At this stage, since large heat exchange is performed with the
stack constituent element 3eH having a relatively high thermal
conductivity, an acoustic wave is rapidly generated, and as a
result, the heat exchange efficiency can be improved.
[0030] The acoustic wave thus generated is turned into the standing
and traveling waves in the loop tube 2, is amplified by the first
heat exchangers 300 located at a plurality of positions, and is
then transported to the second heat exchanger 310 side as acoustic
energy having a high sound pressure.
[0031] This second heat exchanger 310 is formed of the second
high-temperature side heat exchanger 6, the second low-temperature
side heat exchanger 7, and the second stack 3b. The second
high-temperature side heat exchanger 6 and the second
low-temperature side heat exchanger 7 are both formed, for example,
of a metal having a large heat capacity and are provided at two
ends of the second stack 3b, as is the case of the first stack 3a,
and in addition, inside the heat exchangers 6 and 7, there are
provided communication paths 30 having a small diameter through
which the standing and traveling waves are allowed to pass. This
second high-temperature side heat exchanger 6 is set to a
temperature, such as 15 to 16.degree. C., by circulating water in
an outer peripheral portion of the second high-temperature side
heat exchanger 6. On the other hand, the second low-temperature
side heat exchanger 7 has a heat output portion and is designed to
cool an exterior object to be cooled. As the object to be cooled,
for example, ambient air, a home electric appliance which generates
heat, and a CPU of a personal computer may be mentioned. In
addition, the second stack 3b has the structure similar to that of
the first stack 3a. That is, three layers, a stack constituent
element 3eL having a low thermal conductivity, a stack constituent
element 3eH having a high thermal conductivity, and a stack
constituent element 3eL having a low thermal conductivity, are
provided in that order from the second high-temperature side heat
exchanger 6 side. In addition, the stack constituent element 3eH
having a high thermal conductivity is formed thicker than the stack
constituent element 3eL having a relatively low thermal
conductivity. The second heat exchanger 310 formed as described
above is provided in the vicinity of a position in the loop tube 2
at which the phase of change in acoustic particle velocity is the
same as the phase of change in sound pressure, as shown in FIG. 4.

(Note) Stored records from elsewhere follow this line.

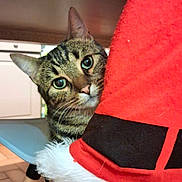 Baby participe au concours pour gagner de l'argent avec cette photo : black, cat, close_up, cozy, curious, ears, face, feline, festive, green_eyes, holiday, indoor, peeking, pet, red, santa_hat, soft_texture, tabby, whiskers, white_fur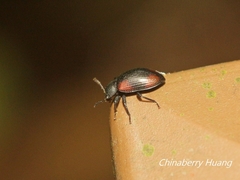 Plamius quadrinotatus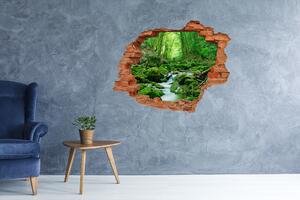 Fototapet 3D gaură în perete Stream în pădure
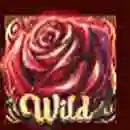 Waltz Beauty Paytable Wild Symbol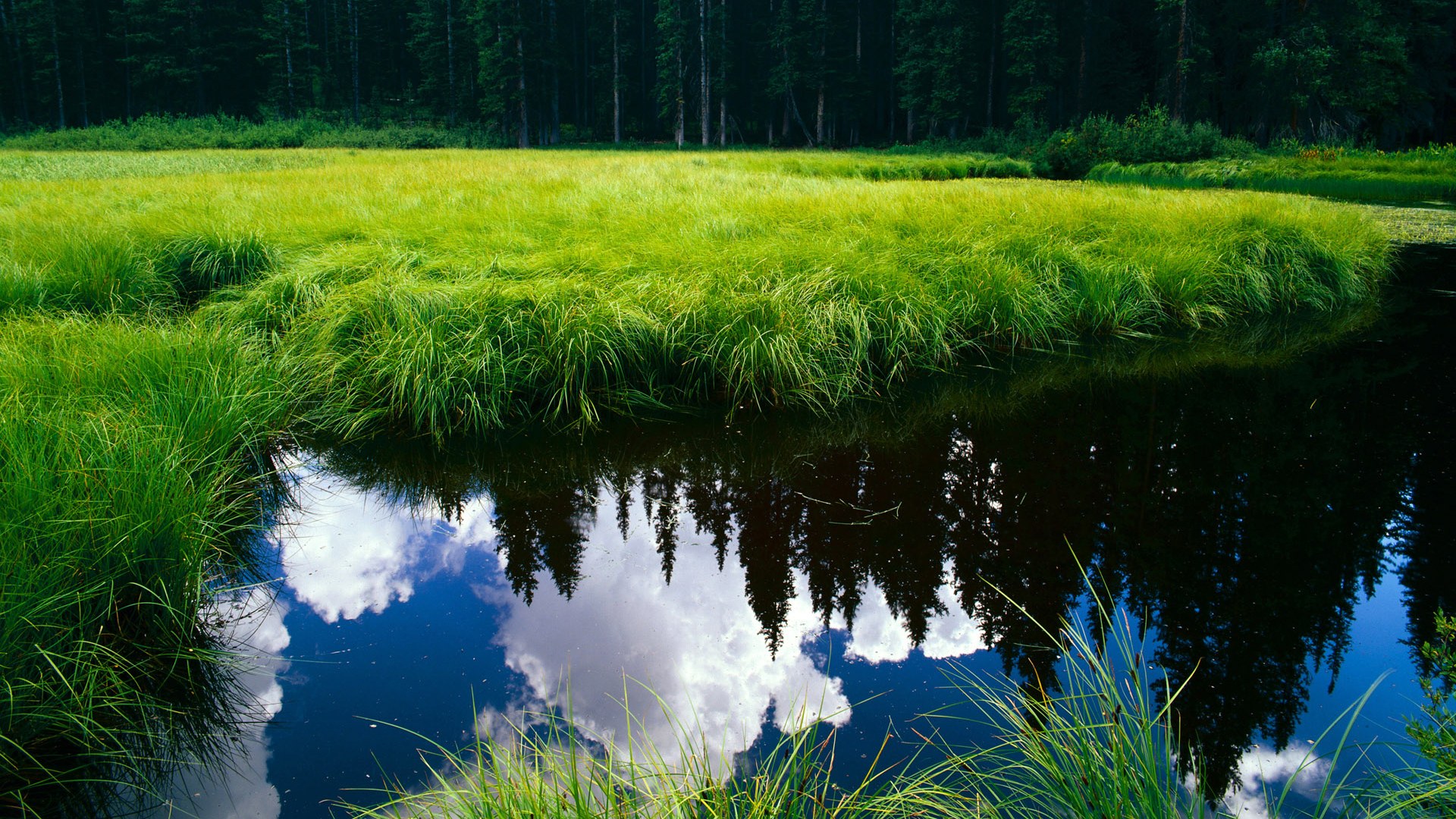 开云网页版登录入口-英格兰进攻效率居奥运第一，英格兰进攻防守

In addition, as shown in FIG. 5, the second heat exchanger 310 is
mounted in a mechanism in which a part 20 of the loop tube, to
which the second heat exchanger 310 is fixed, is formed to be
slidably separated from a main frame of the loop tube 2, and the
part 20 thus separated is allowed to slide therealong to adjust the
position of the second heat exchanger 310.
[0032] Inside this loop tube 2, an inert gas, such as helium or
argon, is sealed. Besides the inert gases as mentioned above, a
working fluid, such as nitrogen or air, may also be sealed. The
pressure of the working fluid is set in the range of 0.01 to 5
MPa.
[0033] In the case in which the working fluid as described above is
sealed, when helium or the like, having a small Prandtl number and
also having a small specific gravity, is used, the time for
generating an acoustic wave can be decreased. However, when the
working fluid as described above is used, the acoustic velocity is
increased, and as a result, heat exchange with stack inside walls
cannot be well performed. On the other hand, when argon or the
like, having a large Prandtl number and also having a large
specific gravity, is used, since the viscosity is increased this
time, and as a result, an acoustic wave cannot be rapidly
generated. Hence, a mixed gas of helium and argon is preferably
used. The mixed gas mentioned above is sealed as described
below.
[0034] First, helium having a small Prandtl number and also having
a small specific gravity is sealed in the loop tube 2, so that an
acoustic wave is rapidly generated. Subsequently, in order to
decrease the acoustic velocity of the generated acoustic wave, a
gas, such as argon, having a large Prandtl number and also having a
large specific gravity is injected. When this argon is mixed, as
shown in FIG. 1, the helium gas injection device 9a and the argon
gas injection device 9b are provided at a central portion of the
connection tube portion 2b formed at an upper side, and argon is
injected therefrom. Accordingly, argon equally flows into the
right-side and the left-side straight tube portions 2a and are then
mixed with helium present inside. The pressure of the mixed gas
described above is set in the range of 0.01 to 5 MPa.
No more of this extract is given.